Obama's followers were no more passionate than Bobby Kennedy's. Obama has more of an affinity with certain demographic groups than Bobby did, as it is presumed as a minority, that he can relate (to all minorities) to them.
But all in all, the passion involved in Kennedy's campaign was certainly equal for the core followers.
Idealism as a motivator is good, but it's generally not good at sustaining massive populations for extended periods. That's because some people are idealistic for idealism's sake, while others are idealistic about results.
When results don't match the idealism long term, (how can they? people, even idealistic ones, are prone to self-service, selfishness, and human error; and you can't enforce idealism on a population of hundreds of millions . . . .without becoming a dictator . . . . . you have to compromise) only the true idealists tend to remain.

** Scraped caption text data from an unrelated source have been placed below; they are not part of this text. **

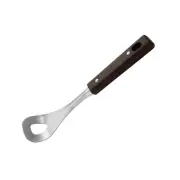 Kit Griddle Scraper Premium Material Meatball Spoon Brown and Silver Maker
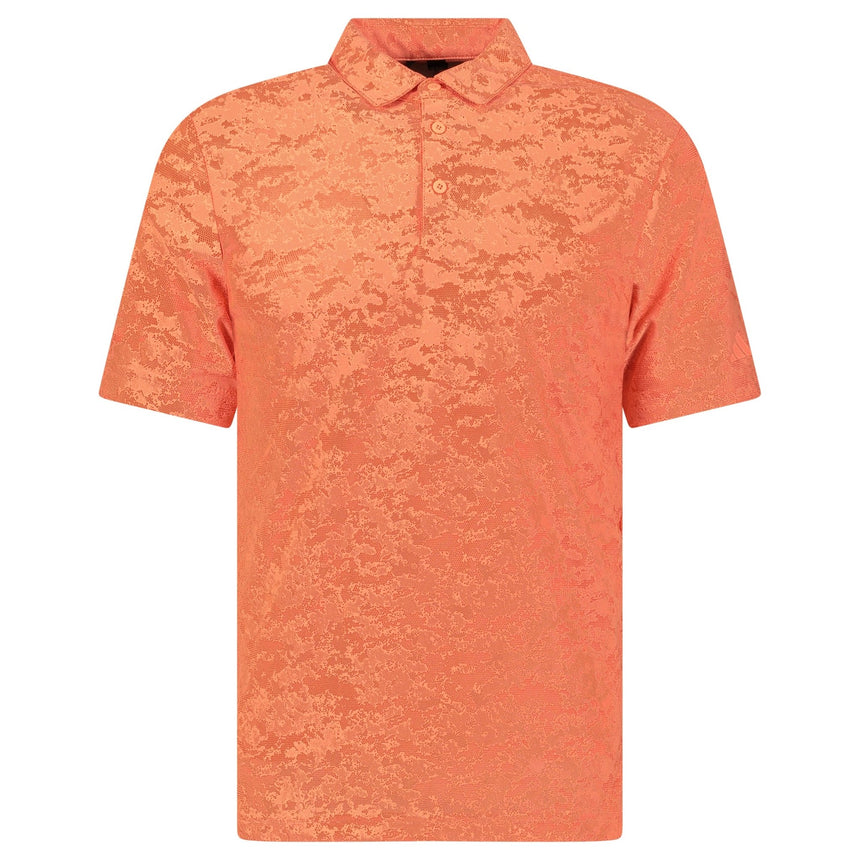 Adidas Textured Jacquard Golf Polo Shirt in Coral Fusion - Boinclo - Outlet Sale Under Retail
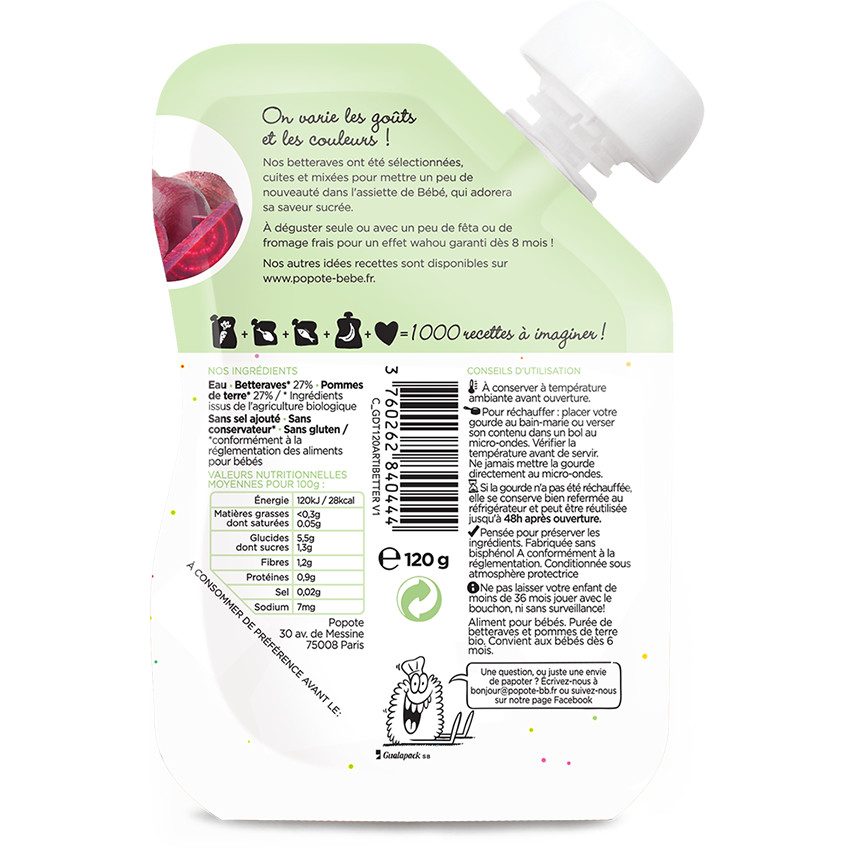 Gourde à la betterave bio - 120g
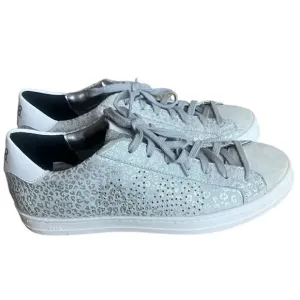 P448 John Silver Leopard Print Low Top Sneakers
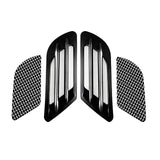 Universal Car Decorative Air Flow Intake Hood Scoop Bonnet Vent Sticker Cover Hood (Black)
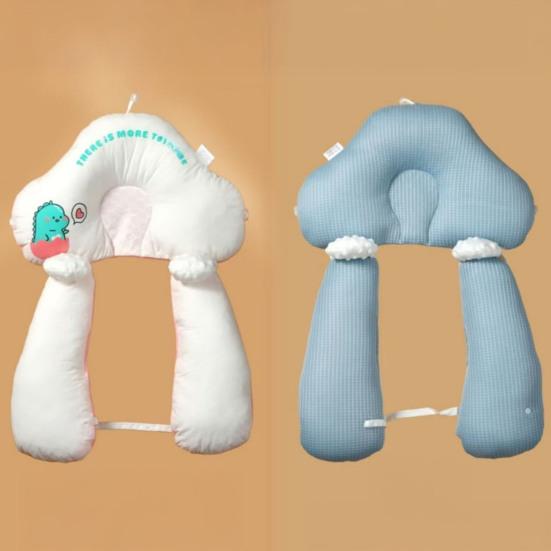 Wedge Pillow for Newborn Ergonomic Baby Sleeping Pillow Prevents Flat Head Adjustable Soothing Pillow for Proper Alignment And Pressure Relief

The followers of MLK and FDR were fueled by idealism (and in both cases also out of some desparation, heck Bobby Kennedy's core base was also motivated by desparation in some cases as well). But (not equating the ideals) so were the followers of Marx and Lenin. to name a few.
Your desire to see Obama change the landscape is understandable (and idealistic). He may change things indeed. But ultimately it seems unlikely that he could change thinking permanently (as you allude to).
I mean, he's not Chavez, and there is no move to change the constitution to extend his term beyond 8 years.
It's also funny how perception and reality sometimes diverge.
Bobby Kennedy had intensely passionate followers, and exuded idealism, some of whom hated LBJ with a passion.
Yet LBJ, with his passage of civil rights and Great Society legislation may have been the most effective champion for idealism . . . . and he certainly was the king of pragmatism.
Obama is smart, popular, and may well be unbeatable. You call him a pragmatic liberal. That may be effective (see LBJ), but fails to engender long-term passion. Ultimately, if he stays pragmatic, he will need to rely on his popularity and the demographic coalations he's set up, to continue in office. Personally, I think he's smart enough, a good enough speaker and has a strong enough base to do just that. Absent Vietnam, LBJ would've been unbeatable in 1968.
That doesn't mean that the results of the idealism will be achieved . . . . or if the goals of the idealism are achieved that the end result will be what the idealists wanted at the start, or what they will want at the end.
Face it. to use an example, true communism would be one of the most idealistic pursuits you could imagine . . . . . . . IF it were a philosophy of perfect, selfless individuals and that all individuals thought alike and defined perfection, fairness and selflessness in the same way.
Problem is that in the laboratory of human living, it fails miserably because the requisite perfection, uniformity of thought and definition and requisite selflessness do not exist. It requires dictatorship and totalitarianism to enforce.
And dictatorships are one reason why people don't trust governments as they grow older.